● Task to complete
Below are records; copy every line in them that holds the word "sure".

● Records for this task
+++

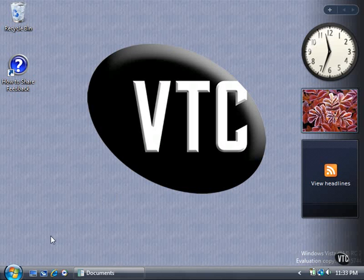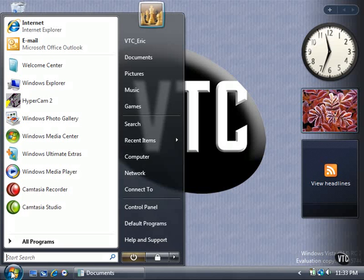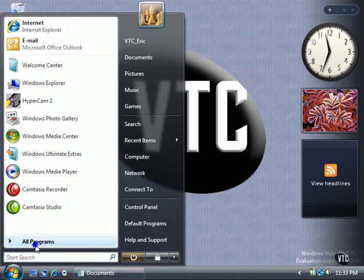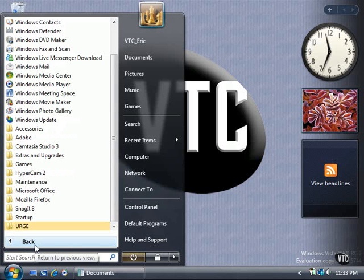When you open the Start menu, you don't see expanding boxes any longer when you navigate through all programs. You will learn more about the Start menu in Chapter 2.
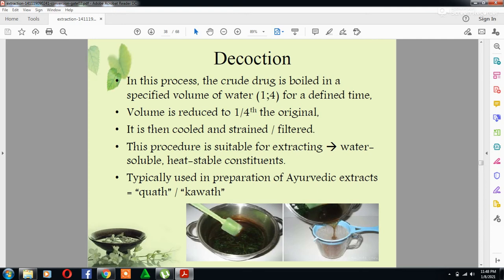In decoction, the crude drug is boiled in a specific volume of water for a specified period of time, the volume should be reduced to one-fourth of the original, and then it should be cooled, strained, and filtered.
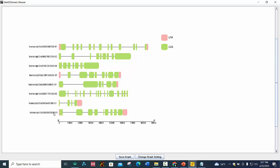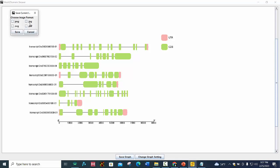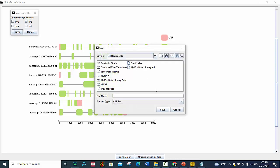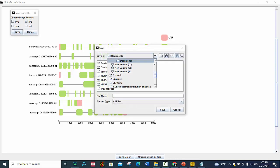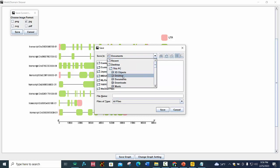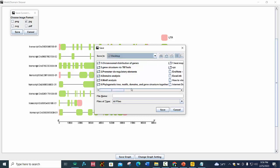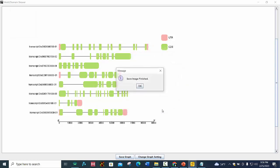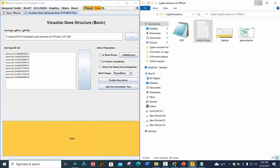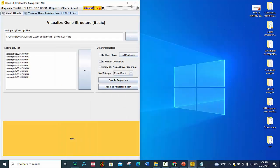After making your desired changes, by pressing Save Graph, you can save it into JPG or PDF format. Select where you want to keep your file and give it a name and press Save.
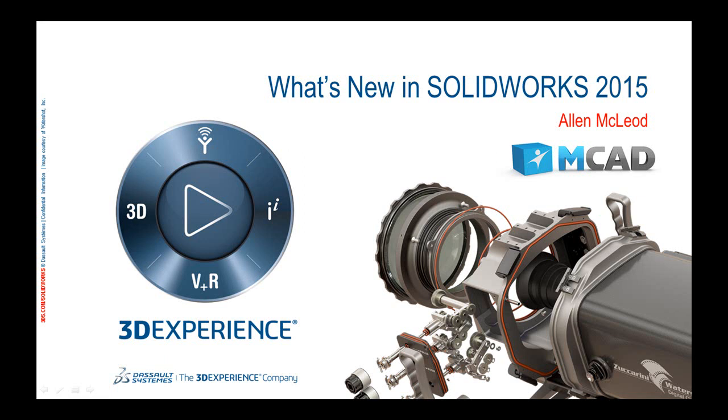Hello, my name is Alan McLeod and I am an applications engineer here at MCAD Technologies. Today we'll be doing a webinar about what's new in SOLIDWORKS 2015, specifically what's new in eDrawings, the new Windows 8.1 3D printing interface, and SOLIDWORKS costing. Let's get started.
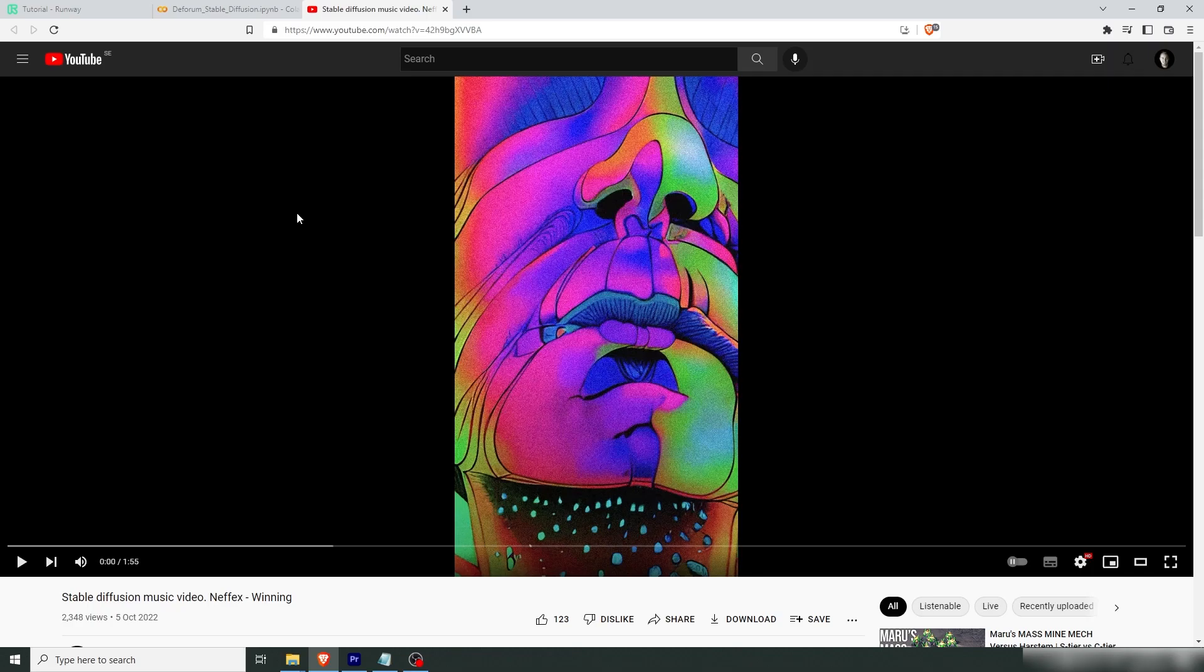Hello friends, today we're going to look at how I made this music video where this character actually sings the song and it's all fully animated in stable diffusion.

+++

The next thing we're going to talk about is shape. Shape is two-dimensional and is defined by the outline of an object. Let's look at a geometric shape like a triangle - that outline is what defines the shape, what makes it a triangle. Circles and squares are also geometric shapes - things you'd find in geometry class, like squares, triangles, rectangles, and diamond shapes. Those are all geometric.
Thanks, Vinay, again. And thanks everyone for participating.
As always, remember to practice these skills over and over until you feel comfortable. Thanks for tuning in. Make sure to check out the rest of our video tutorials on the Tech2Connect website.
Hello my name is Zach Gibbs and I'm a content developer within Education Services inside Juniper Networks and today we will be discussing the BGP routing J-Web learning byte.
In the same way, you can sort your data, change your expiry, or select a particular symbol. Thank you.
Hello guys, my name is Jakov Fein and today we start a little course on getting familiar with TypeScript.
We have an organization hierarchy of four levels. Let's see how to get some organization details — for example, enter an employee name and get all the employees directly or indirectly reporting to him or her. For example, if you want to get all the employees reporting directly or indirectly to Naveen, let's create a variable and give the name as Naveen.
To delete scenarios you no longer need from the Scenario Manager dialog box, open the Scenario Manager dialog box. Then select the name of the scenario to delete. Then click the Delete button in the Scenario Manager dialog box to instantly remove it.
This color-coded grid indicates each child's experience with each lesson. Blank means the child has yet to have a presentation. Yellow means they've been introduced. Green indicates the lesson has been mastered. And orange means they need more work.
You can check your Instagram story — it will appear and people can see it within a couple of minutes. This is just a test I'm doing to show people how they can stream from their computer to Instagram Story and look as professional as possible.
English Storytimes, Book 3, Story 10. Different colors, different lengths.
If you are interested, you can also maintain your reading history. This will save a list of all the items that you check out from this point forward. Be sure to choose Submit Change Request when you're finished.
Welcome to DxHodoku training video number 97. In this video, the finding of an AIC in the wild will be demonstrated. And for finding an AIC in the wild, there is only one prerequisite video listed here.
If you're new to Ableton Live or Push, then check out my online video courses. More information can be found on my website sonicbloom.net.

+++

● Task answer
As always, remember to practice these skills over and over until you feel comfortable. Thanks for tuning in. Make sure to check out the rest of our video tutorials on the Tech2Connect website.
If you are interested, you can also maintain your reading history. This will save a list of all the items that you check out from this point forward. Be sure to choose Submit Change Request when you're finished.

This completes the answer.